Caption-style text data:
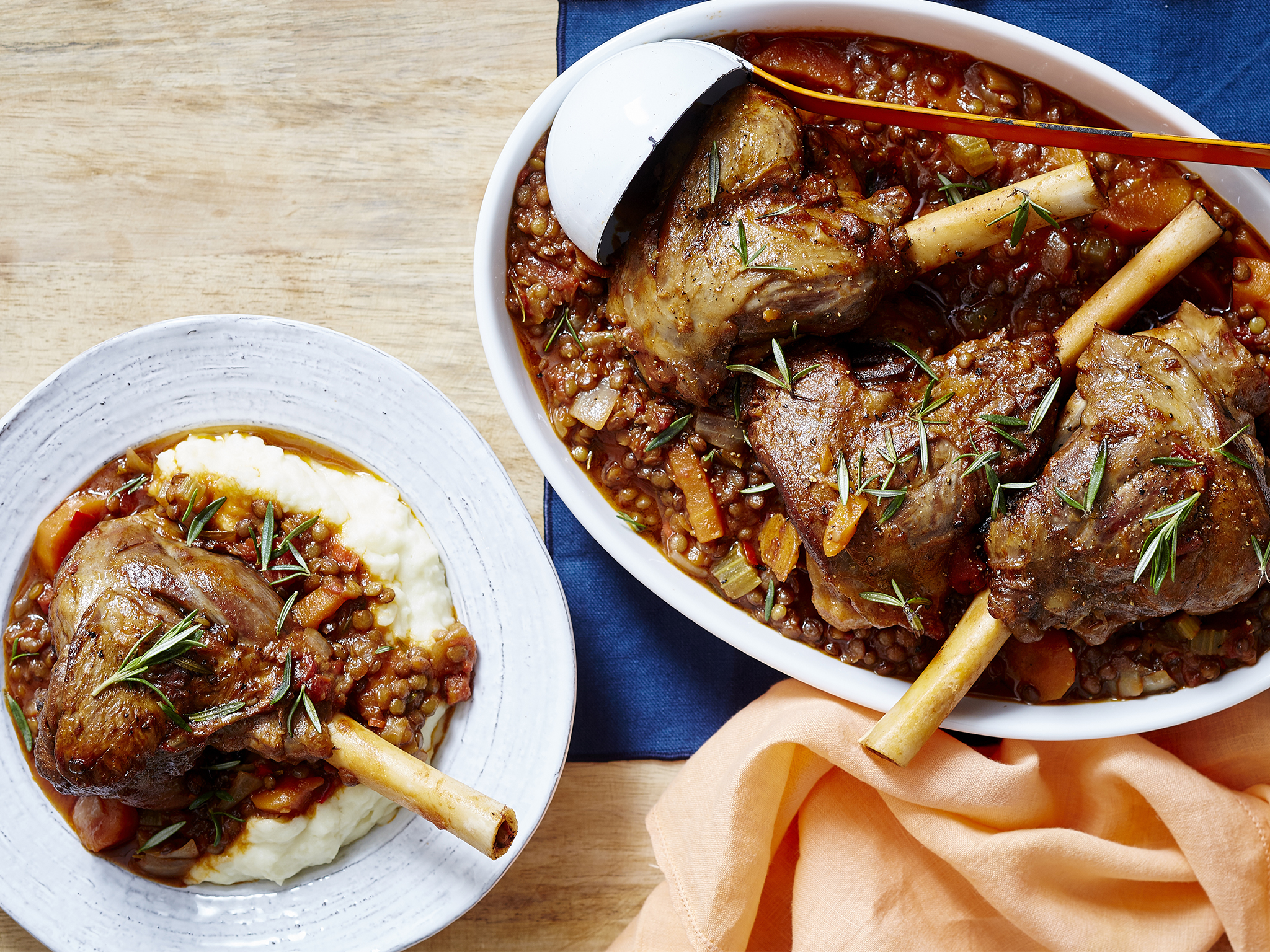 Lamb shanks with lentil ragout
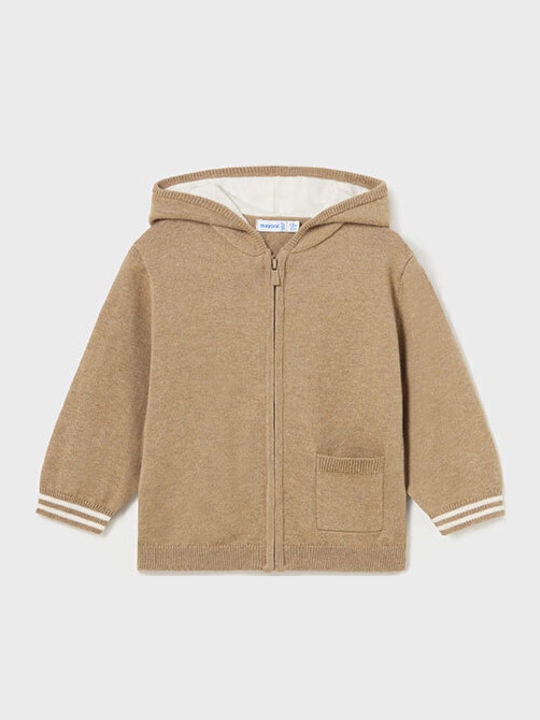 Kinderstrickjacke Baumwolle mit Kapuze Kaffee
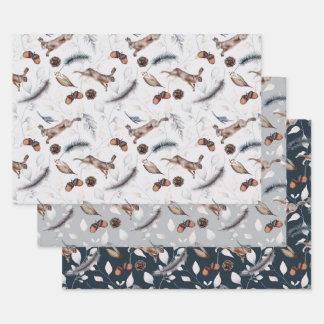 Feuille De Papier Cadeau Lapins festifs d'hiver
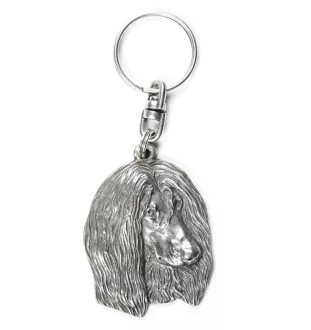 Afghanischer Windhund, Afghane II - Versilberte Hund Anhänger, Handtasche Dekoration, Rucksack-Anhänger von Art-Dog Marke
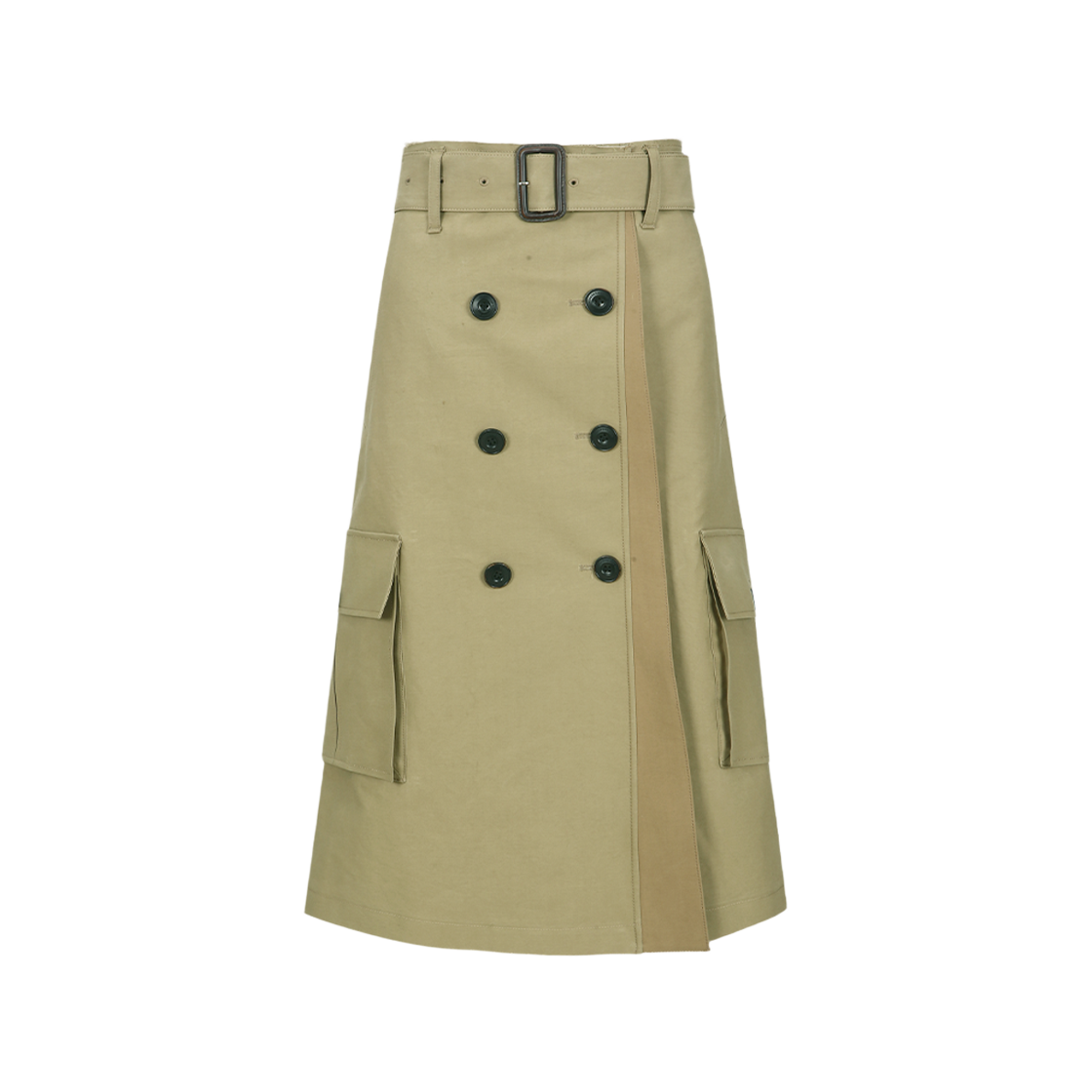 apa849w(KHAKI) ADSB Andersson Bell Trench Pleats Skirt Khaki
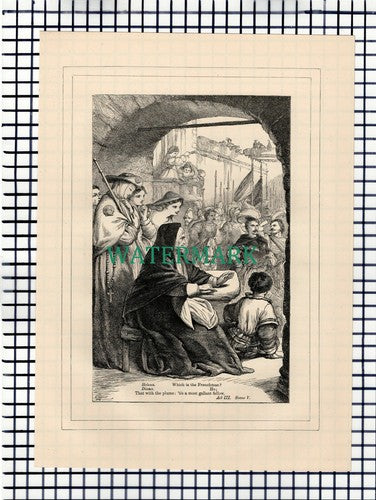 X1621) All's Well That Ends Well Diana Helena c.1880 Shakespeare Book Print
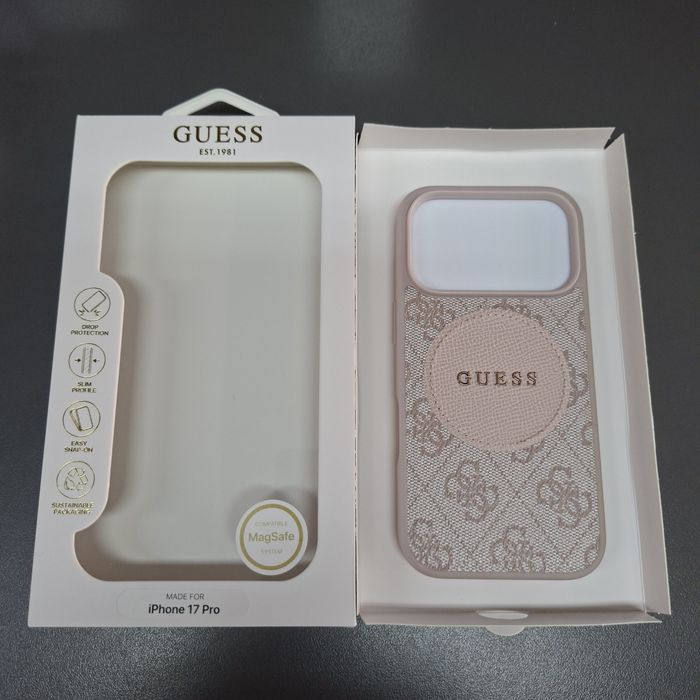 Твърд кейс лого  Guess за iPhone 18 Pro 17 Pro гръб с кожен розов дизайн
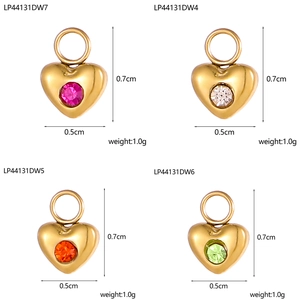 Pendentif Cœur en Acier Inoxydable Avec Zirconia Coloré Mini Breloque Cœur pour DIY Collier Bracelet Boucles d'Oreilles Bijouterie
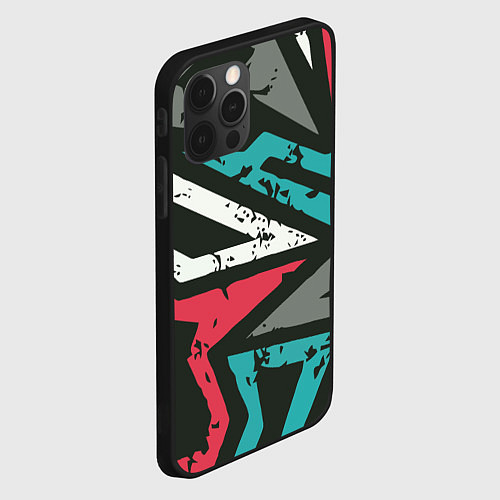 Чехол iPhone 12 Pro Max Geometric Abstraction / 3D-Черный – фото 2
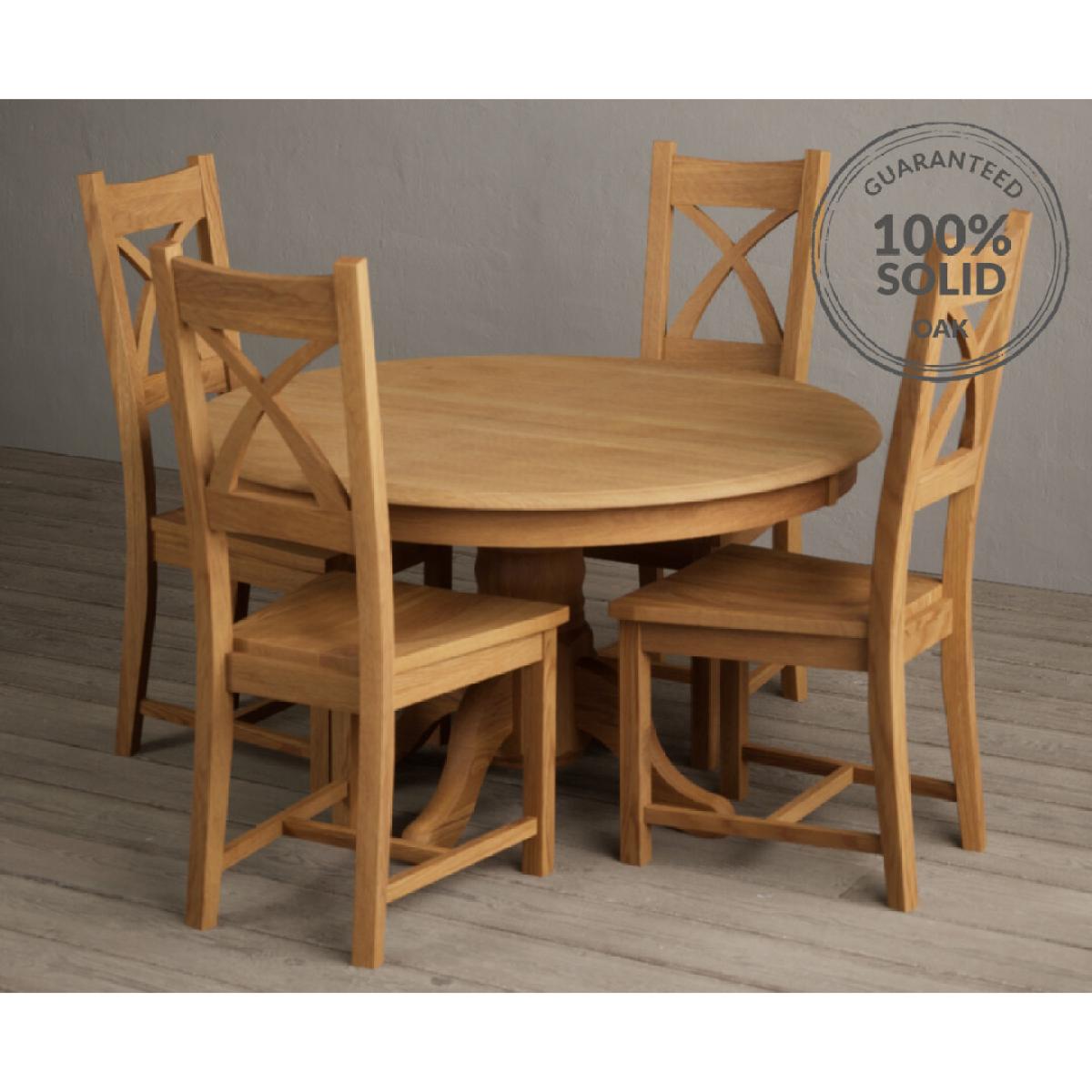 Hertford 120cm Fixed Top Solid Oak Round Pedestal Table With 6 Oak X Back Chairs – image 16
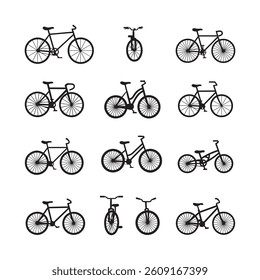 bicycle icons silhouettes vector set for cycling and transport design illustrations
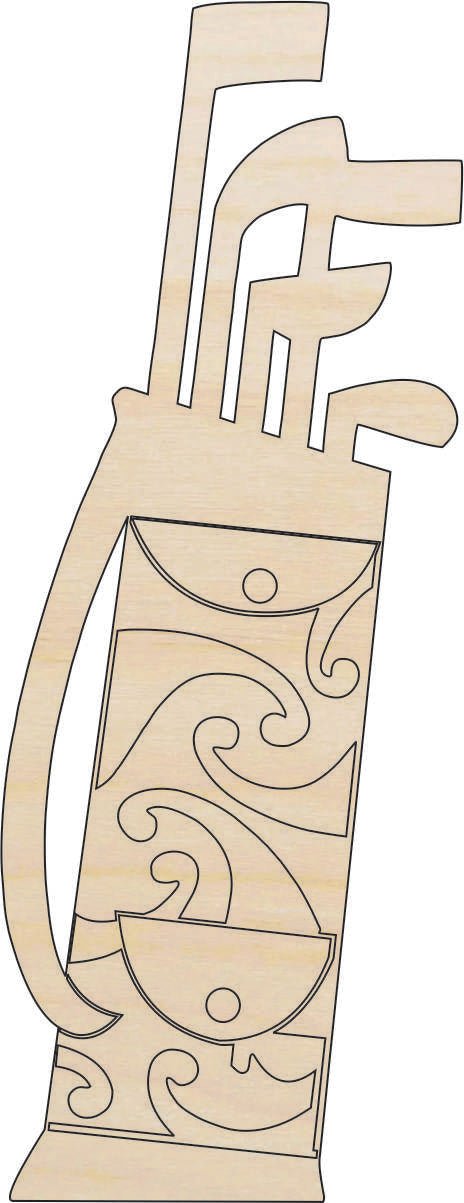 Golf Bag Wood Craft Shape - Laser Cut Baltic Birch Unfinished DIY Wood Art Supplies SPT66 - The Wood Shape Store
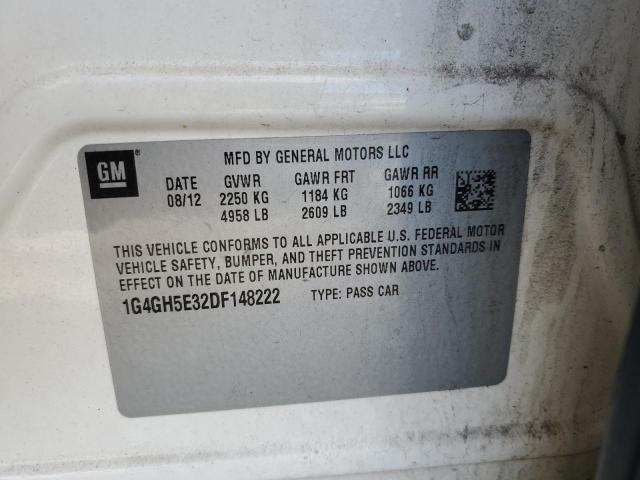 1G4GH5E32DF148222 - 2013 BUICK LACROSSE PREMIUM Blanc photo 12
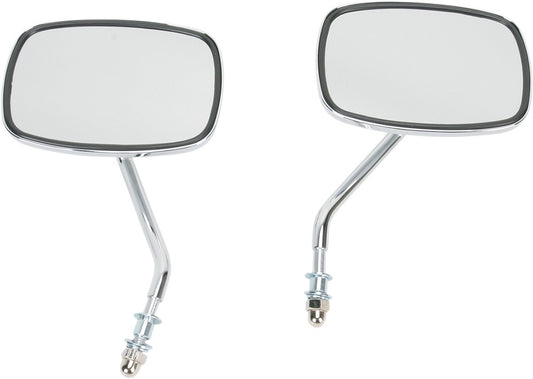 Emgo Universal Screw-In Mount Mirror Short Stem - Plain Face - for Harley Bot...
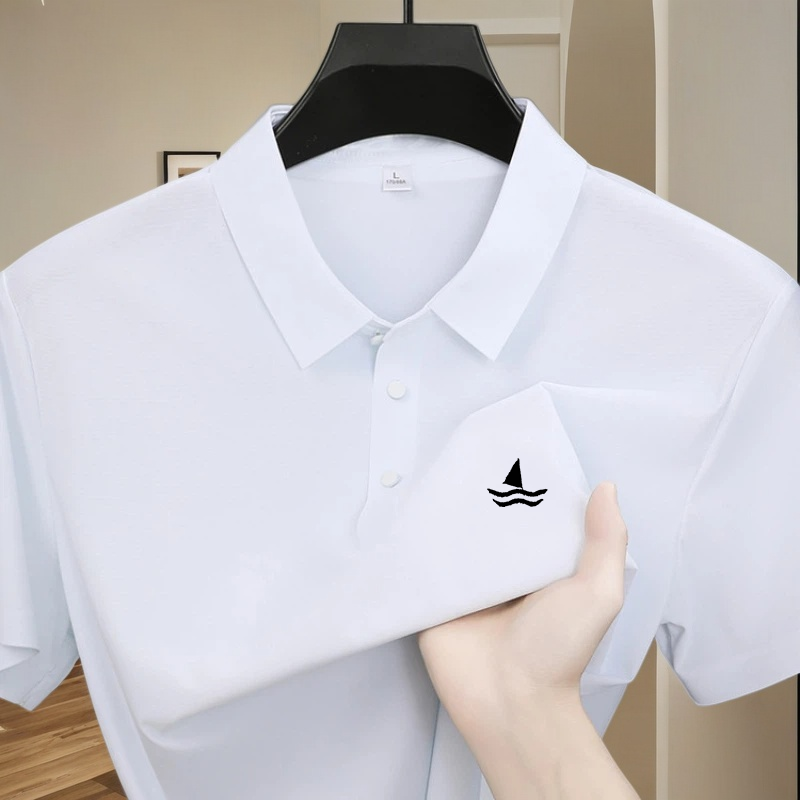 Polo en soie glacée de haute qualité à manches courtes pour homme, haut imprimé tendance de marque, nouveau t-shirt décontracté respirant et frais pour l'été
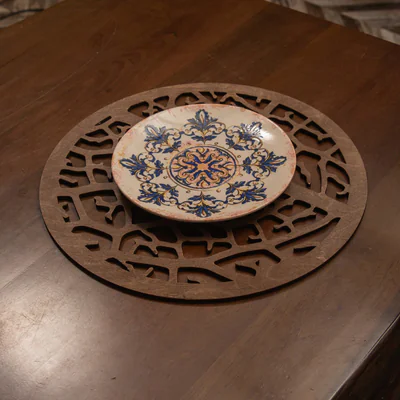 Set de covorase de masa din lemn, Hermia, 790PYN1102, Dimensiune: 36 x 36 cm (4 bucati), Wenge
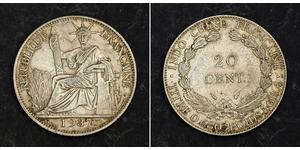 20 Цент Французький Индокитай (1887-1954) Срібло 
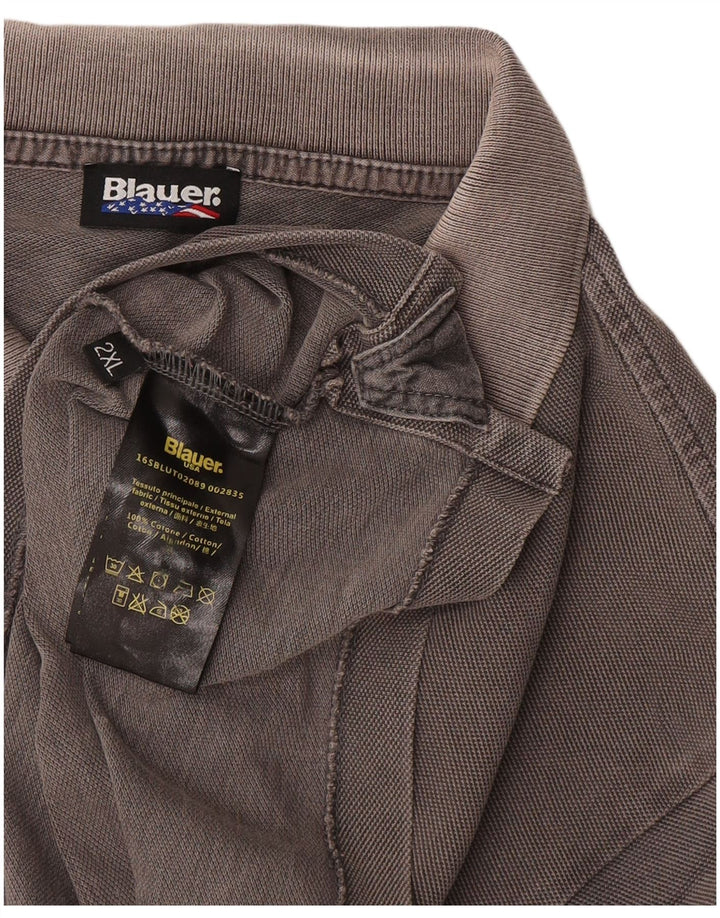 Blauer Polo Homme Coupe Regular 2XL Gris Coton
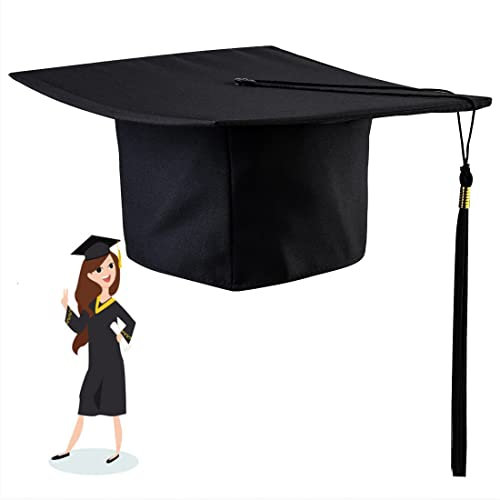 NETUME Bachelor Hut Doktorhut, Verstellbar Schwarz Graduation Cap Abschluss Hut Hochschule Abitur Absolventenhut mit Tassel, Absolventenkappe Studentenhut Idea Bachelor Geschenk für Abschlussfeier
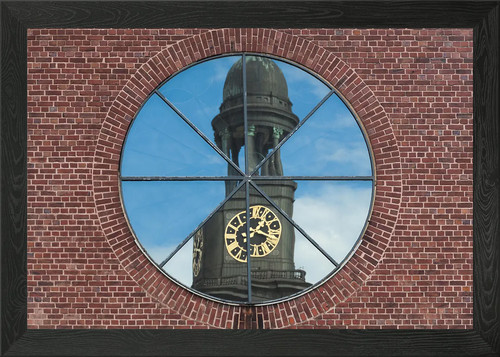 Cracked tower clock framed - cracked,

» WHAT TO PRODUCE: The answer must be the part of the records that opens with the line containing "Kinderstrickjacke Baumwolle mit" and closes with the line containing "Pendentif Cœur en", reproduced exactly, with no pictures.

» ANSWER TO THE EXERCISE:
 Kinderstrickjacke Baumwolle mit Kapuze Kaffee
 Feuille De Papier Cadeau Lapins festifs d'hiver
 Afghanischer Windhund, Afghane II - Versilberte Hund Anhänger, Handtasche Dekoration, Rucksack-Anhänger von Art-Dog Marke
 apa849w(KHAKI) ADSB Andersson Bell Trench Pleats Skirt Khaki
 X1621) All's Well That Ends Well Diana Helena c.1880 Shakespeare Book Print
 Твърд кейс лого  Guess за iPhone 18 Pro 17 Pro гръб с кожен розов дизайн
 Pendentif Cœur en Acier Inoxydable Avec Zirconia Coloré Mini Breloque Cœur pour DIY Collier Bracelet Boucles d'Oreilles Bijouterie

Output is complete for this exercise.